- Exercise materials

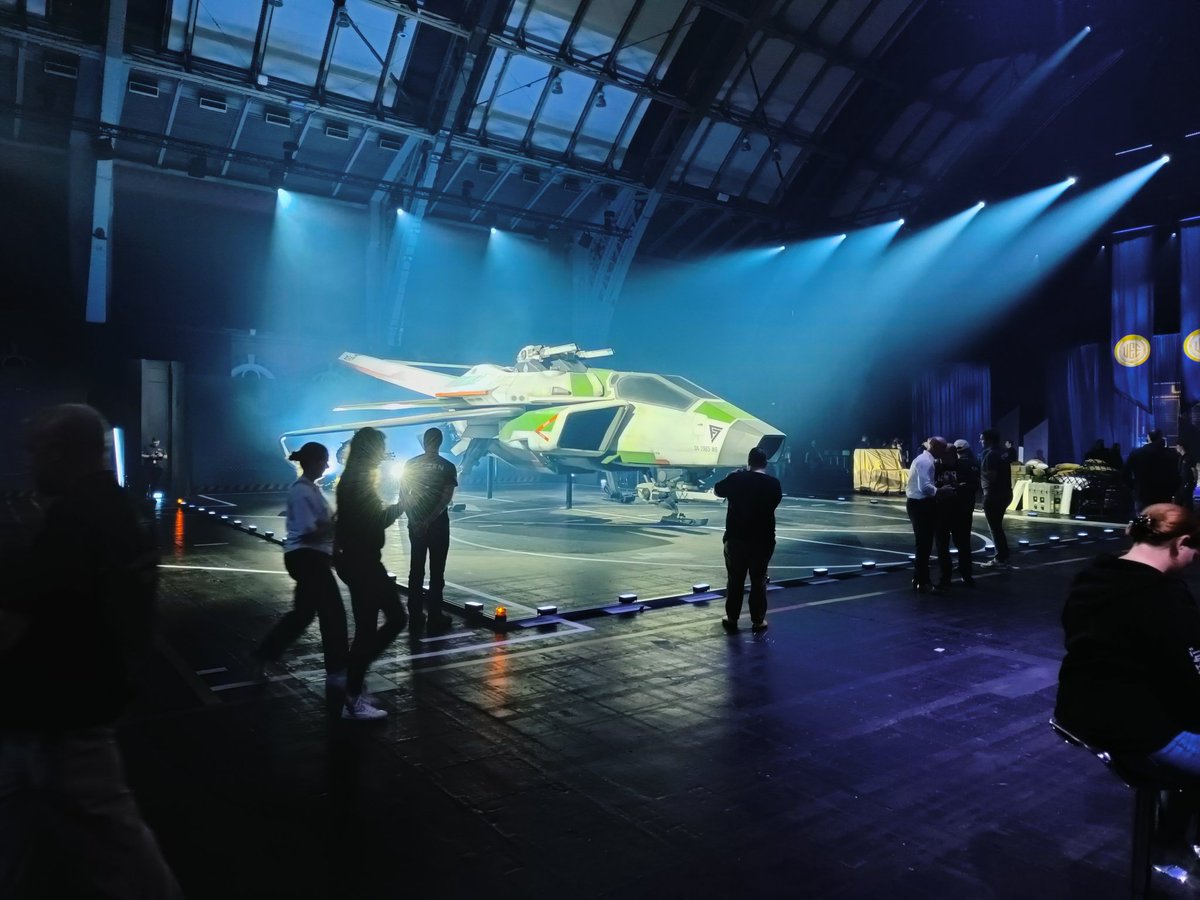 Dawkso's tweet image. Premier jour à la #Citizencon2954 , incroyable tout ce travail !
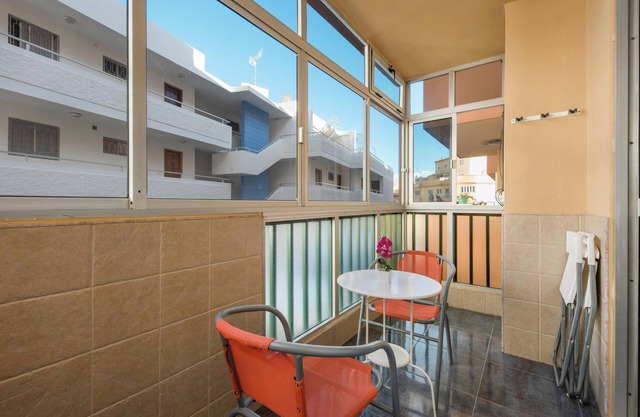 Apartamento vacacional 'Casa Caletillas' cerca de la playa con Wi-Fi y balcón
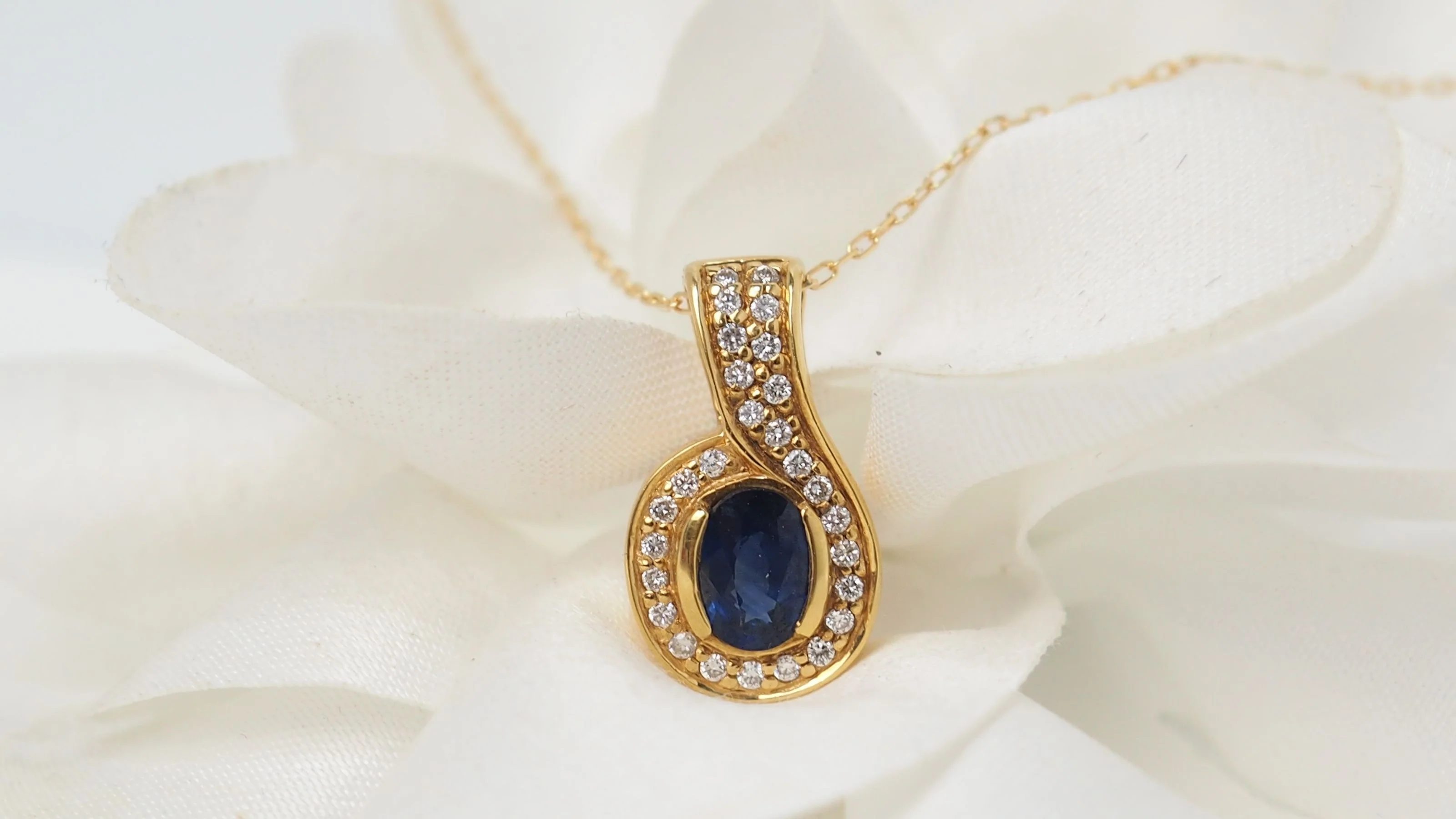 Pendentif et chaîne en or jaune, saphir et diamants - Image 5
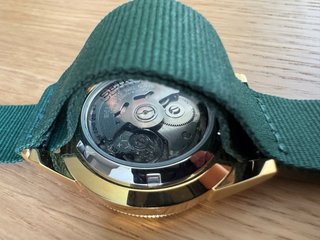 Seiko 5 Sports SNZE17 Reloj Dorado y Nato Briston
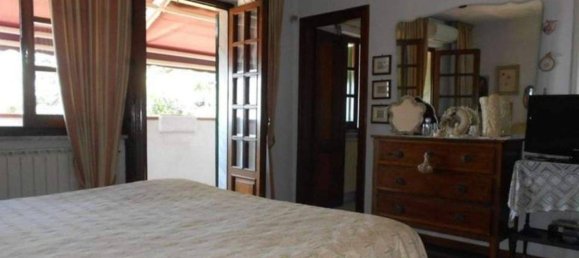 4 bedrooms Villa in Massa, Italy No. 76190 21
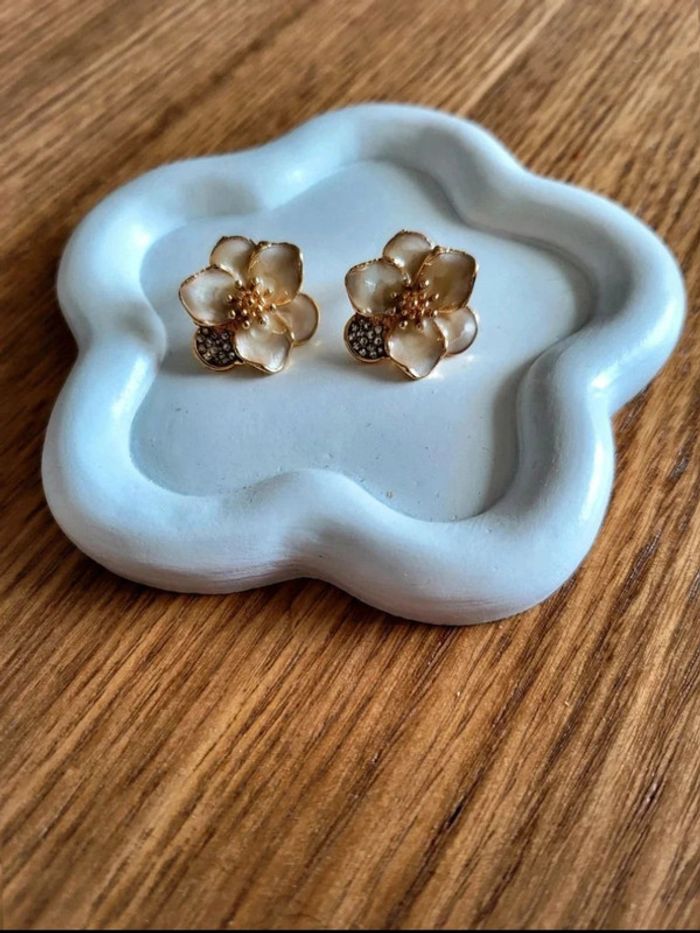 Boucles d’oreilles fleur dorée – effet nacré & strass – bijou élégant chic vintage - photo numéro 4
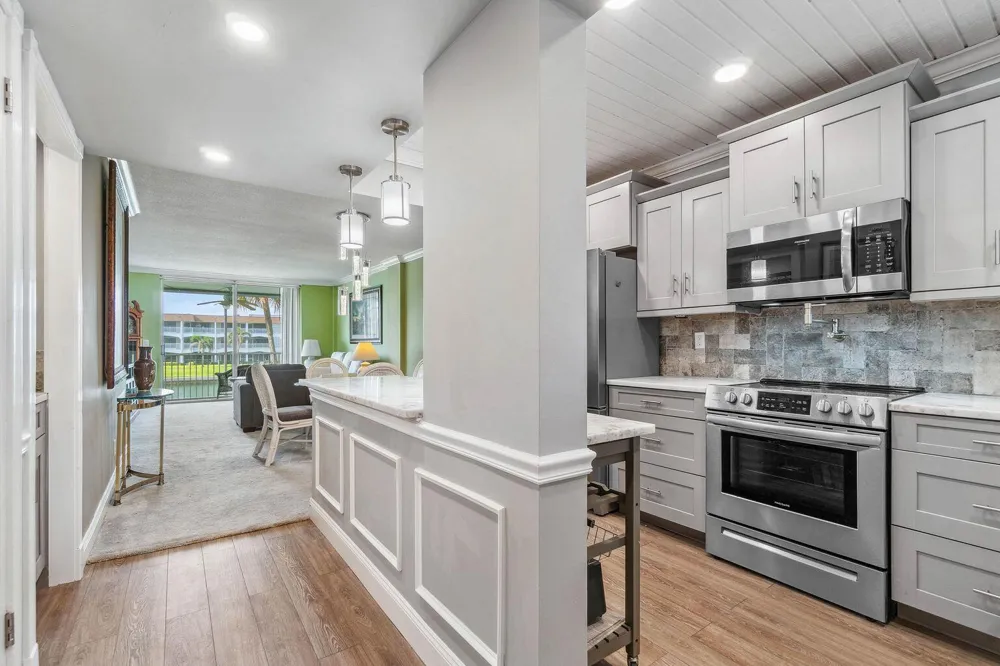 100 Paradise Harbour Boulevard #208 North Palm Beach, FL 33408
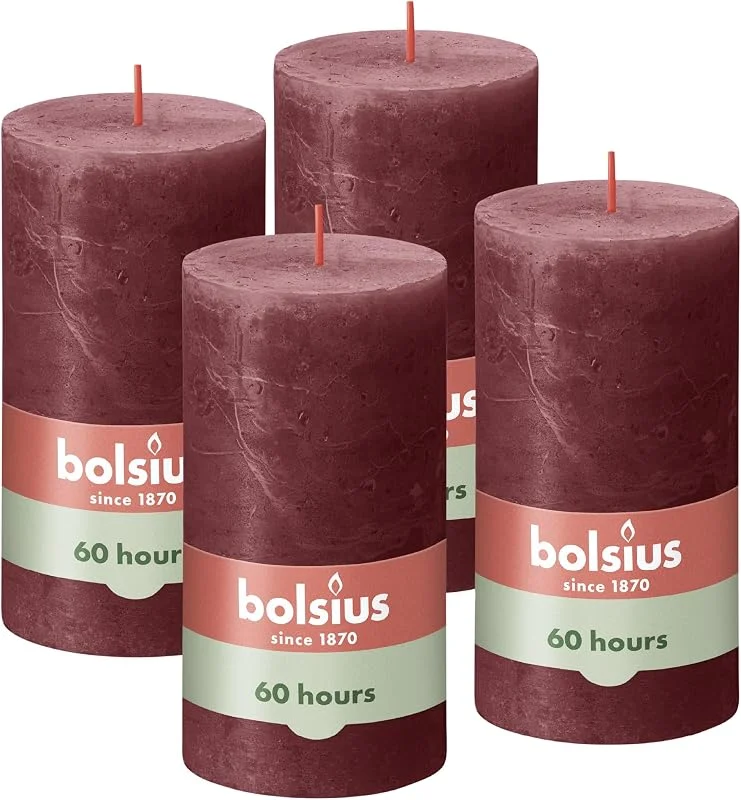 Besuche den bolsius-Store Bolsius Rustik Stumpenkerzen - Bordeauxrot - 4 Stück - 13 x 7 cm - Dekorative Haushaltkerzen - Natürliches Pflanzenwachs - Ohne Palmöl — Advent und Tisch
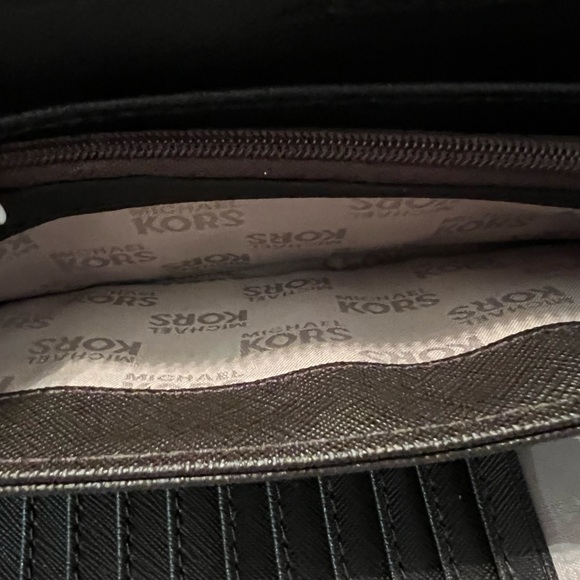 Michael Kors Signature Continental Wallet/Wristlet - LIKE NEW! - Picture 10 of 13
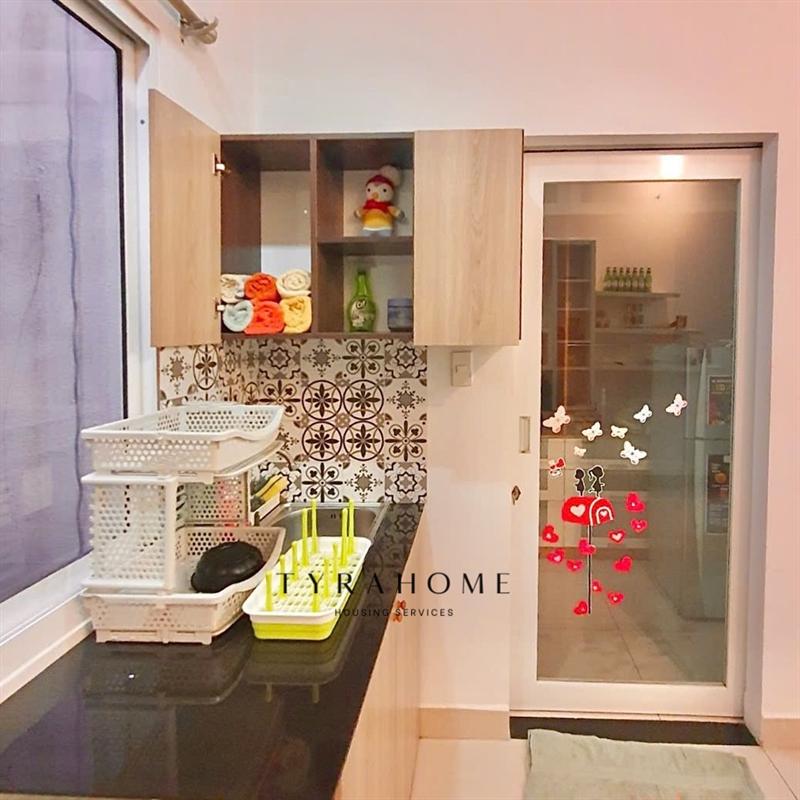 PHÒNG FULLY FURNISHED WITH WINDOW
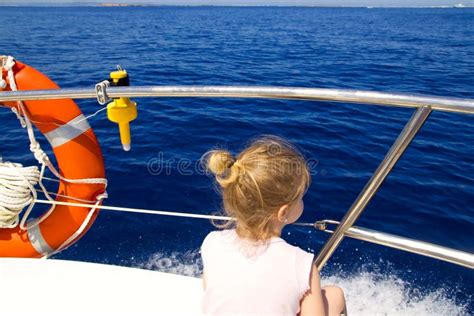 Navigation Blonde De Vue Arri Re De Petite Fille Dans Le Bateau Photo Stock Image Du Paquet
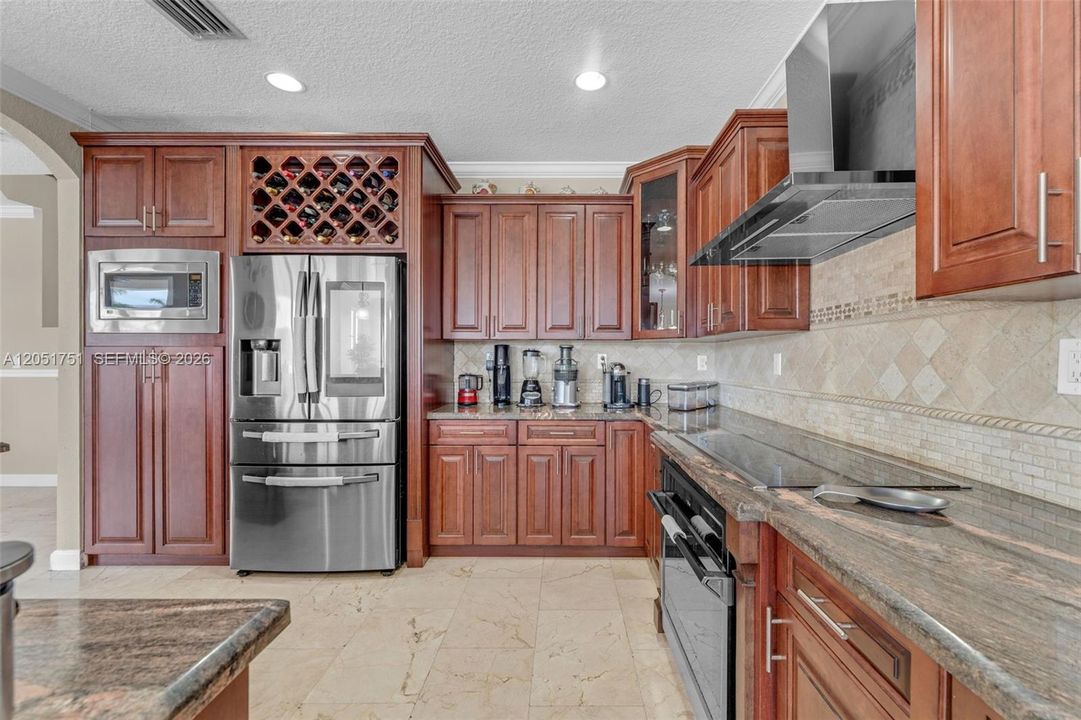 For Sale: $999,999 (5 beds, 4 baths, 2916 Square Feet)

- Task brief
Output only the lines from the line that contains "Apartamento vacacional 'Casa" through the end of the material, both ends included, and skip every picture.

- Output of the task
 Apartamento vacacional 'Casa Caletillas' cerca de la playa con Wi-Fi y balcón
 Pendentif et chaîne en or jaune, saphir et diamants - Image 5
 Seiko 5 Sports SNZE17 Reloj Dorado y Nato Briston
 4 bedrooms Villa in Massa, Italy No. 76190 21
 Boucles d’oreilles fleur dorée – effet nacré & strass – bijou élégant chic vintage - photo numéro 4
 100 Paradise Harbour Boulevard #208 North Palm Beach, FL 33408
 Besuche den bolsius-Store Bolsius Rustik Stumpenkerzen - Bordeauxrot - 4 Stück - 13 x 7 cm - Dekorative Haushaltkerzen - Natürliches Pflanzenwachs - Ohne Palmöl — Advent und Tisch
 Michael Kors Signature Continental Wallet/Wristlet - LIKE NEW! - Picture 10 of 13
 PHÒNG FULLY FURNISHED WITH WINDOW
 Navigation Blonde De Vue Arri Re De Petite Fille Dans Le Bateau Photo Stock Image Du Paquet
 For Sale: $999,999 (5 beds, 4 baths, 2916 Square Feet)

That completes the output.